Santa Casa tem dívida de R$ 33 milhões; provedor expõe crise, admite má gestão e pede ajuda

Por Flávio Magalhães

A dramática situação da Santa Casa de Misericórdia foi exposta nessa semana. O contador Milton Bonatti, 62 anos, assumiu o cargo de provedor do hospital após a saída de Dílson Guarnieri, na sexta-feira da semana passada, e prestou informações aos vereadores numa reunião na manhã da última terça-feira, 04.

Bonatti revelou que a endividamento total do hospital a longo prazo chega a R$ 33 milhões. Destes, R$ 22 milhões são dívidas com bancos. “Precisamos administrar com números, não há nenhuma empresa que vá bem gastando mais do que ganha”, frisou o novo provedor. Hoje, 40% da verba proveniente do Sistema Único de Saúde (SUS) é usada para pagar empréstimos.

“Realmente, estamos dependentes do Poder Público, a comunidade ajuda muito pouco”, frisou Milton Bonatti.
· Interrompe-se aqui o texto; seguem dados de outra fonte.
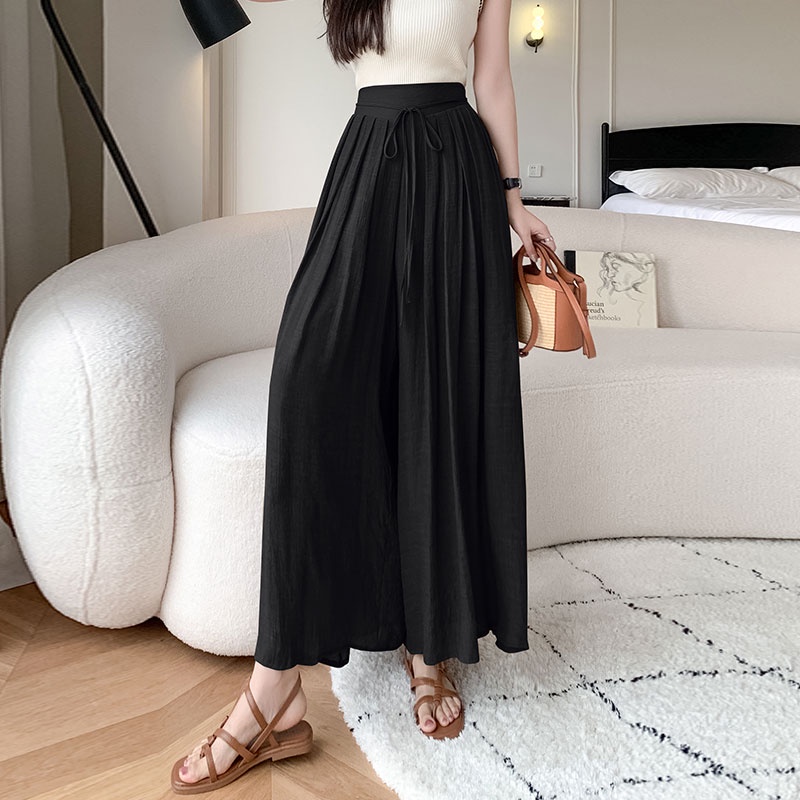 SUXI Quần Dài Ống Rộng Lưng Cao Co Giãn Màu Sắc Đơn Giản Dành Cho Nữ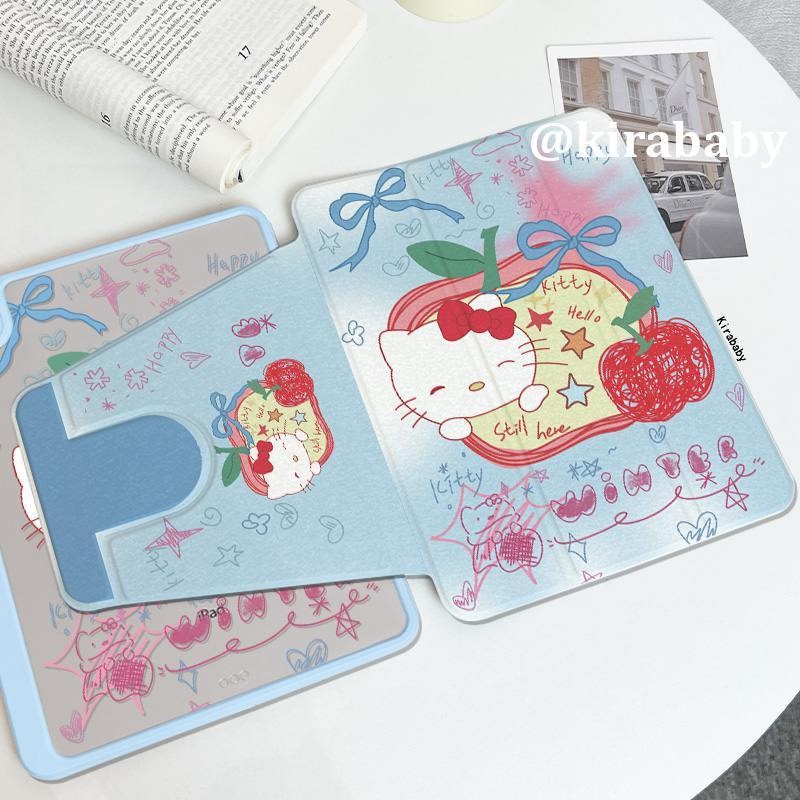 720 ° หมุนอะคริลิค Hello Kitty พร้อมผู้ถือปากกาสําหรับ Honor Pad 9 8 X9a V9 X9pro 11.5 สําหรับ Huawe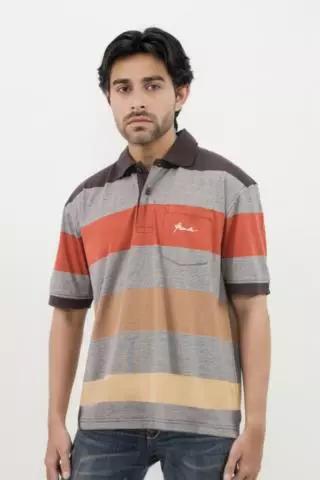 Hassenda Man Kaos Polo Motif Salur Pria Katun Ginger Grey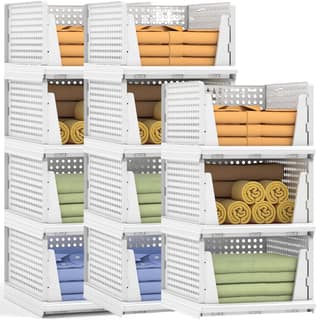 Panchhi Store Wardrobe Organizer for Clothes Cupboard Organizer for Clothes Foldable and Stackable Clothes Organiser for Wardrobe Plastic Shelf Organizer for Shirt T shirt Jeans White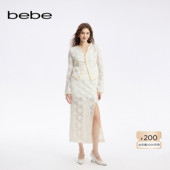 bebe秋季 系列女士蕾丝金属链条镂空立体花朵半身裙320005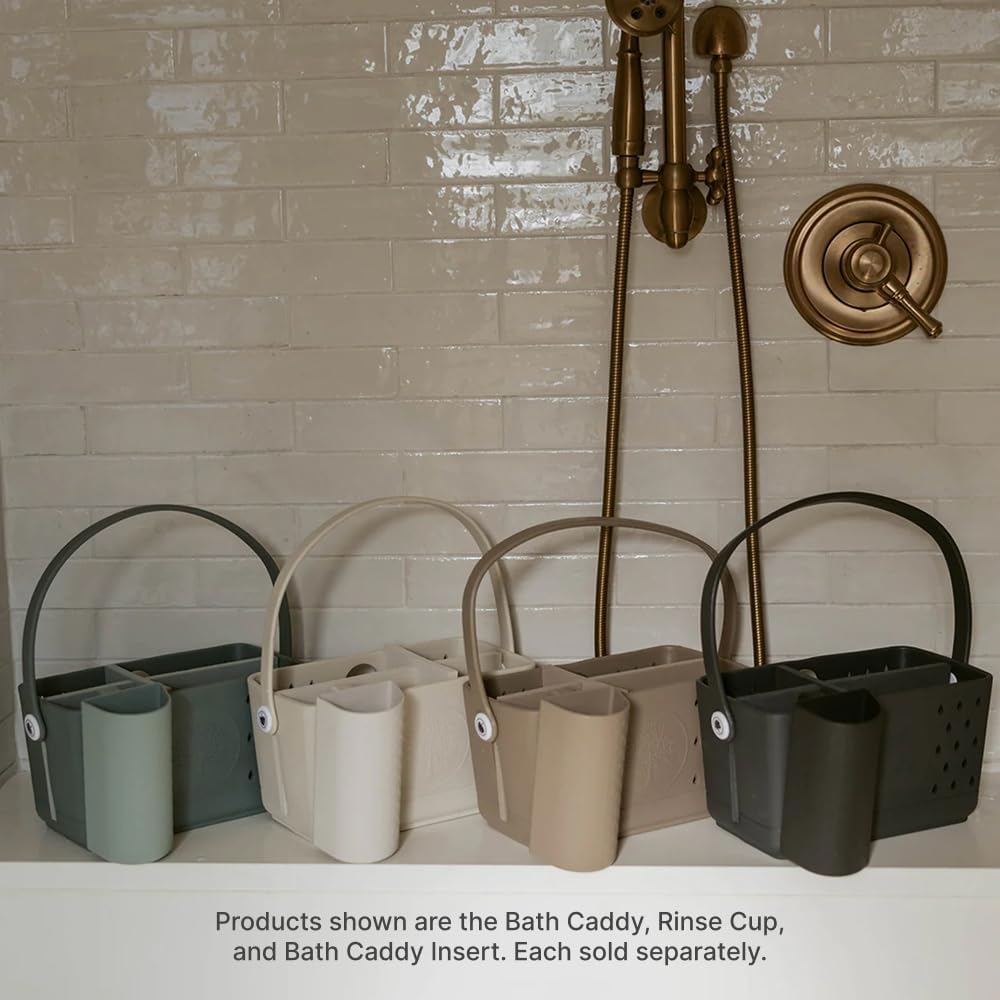 Parker Baby Co. Quick-Dry Bath Caddy Organizer with Handle - Smoke, Regular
No dia em que foi sabatinado pelos vereadores, o provedor revelou ainda que não tinha condições de honrar a folha de pagamento dos funcionários, que venceu na quinta-feira, 06.

Para reunir fundos, o provedor colocou publicamente à venda o imóvel onde atualmente funciona a parte administrativa da Santa Casa. Na tentativa de auxiliar, a Prefeitura adiantou nessa semana o repasse de R$ 1,5 milhão referente aos serviços prestados pelo hospital no mês de maio.

Outra notícia boa foi a liberação de uma verba estadual exclusiva para aquisição de insumos. Tal repasse será utilizado, em caráter emergencial, para o início da normalização dos atendimentos eletivos, paralisados desde a semana passada. “Trabalhamos arduamente para que, tão logo quanto possível, essa situação seja sanada por completo e os atendimentos eletivos sejam retomados”, afirmou a Santa Casa em nota divulgada na tarde de ontem, 07.

Por ora, os repasses deixam a situação menos desesperadora, mas não menos complicada. Milton Bonatti contou que assumiu a provedoria porque o hospital estava em risco iminente de sofrer uma intervenção judicial, conforme publicou A COMARCA na semana passada. No cargo, uma das primeiras dele foi terceirizar a contabilidade da instituição. Uma auditoria deve ser realizada em breve
.
O contrato com o departamento jurídico também deve ser rompido. Já a empresa terceirizada contratada para realizar a limpeza do hospital rompeu o contrato por falta de pagamento. “Estamos contratando pessoas para que o hospital não pare de uma vez”, revelou o provedor.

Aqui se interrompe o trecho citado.